=== EXERCISE INPUT ===
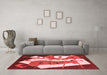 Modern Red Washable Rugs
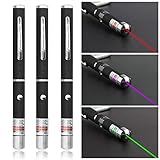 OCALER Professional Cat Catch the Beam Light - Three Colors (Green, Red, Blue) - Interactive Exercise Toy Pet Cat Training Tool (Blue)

* * *

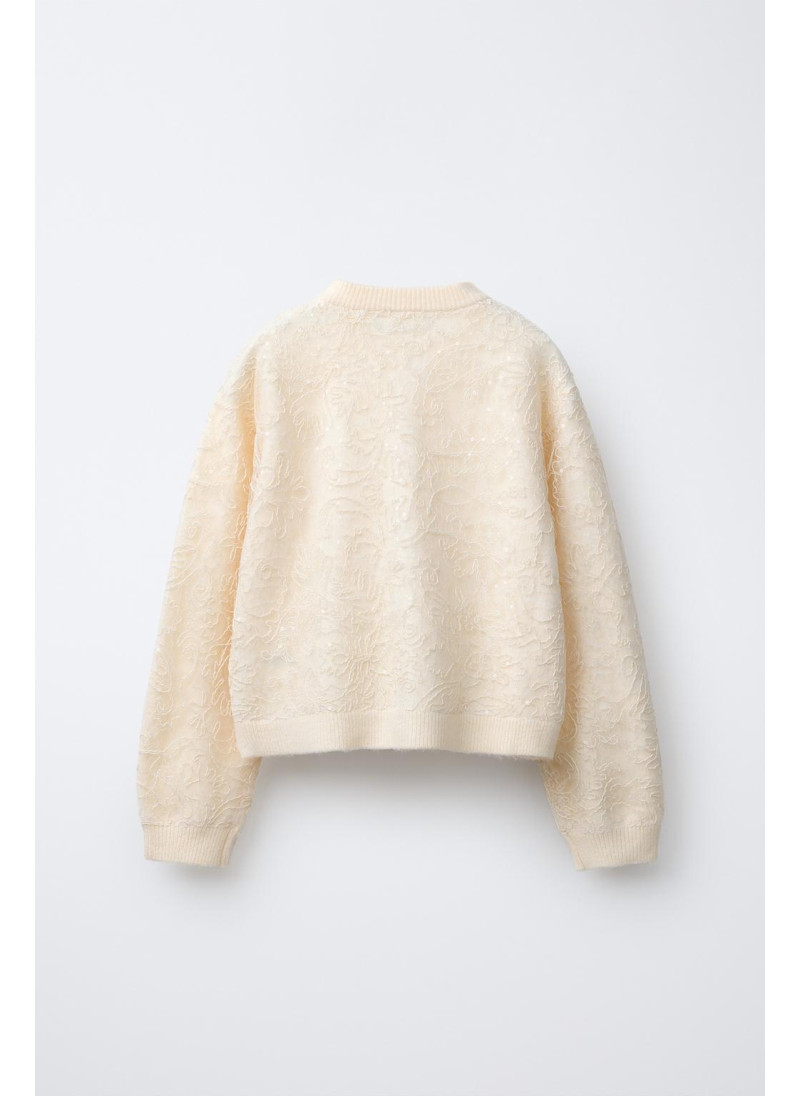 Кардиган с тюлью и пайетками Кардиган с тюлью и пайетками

=== WHAT YOU WILL DO ===
Above, find the line with "Modern Red Washable Rugs"; copy it and every line down to the line with "OCALER Professional Cat", exactly and both included, but no pictures.

=== RESULT FOR THIS EXERCISE ===
 Modern Red Washable Rugs
 OCALER Professional Cat Catch the Beam Light - Three Colors (Green, Red, Blue) - Interactive Exercise Toy Pet Cat Training Tool (Blue)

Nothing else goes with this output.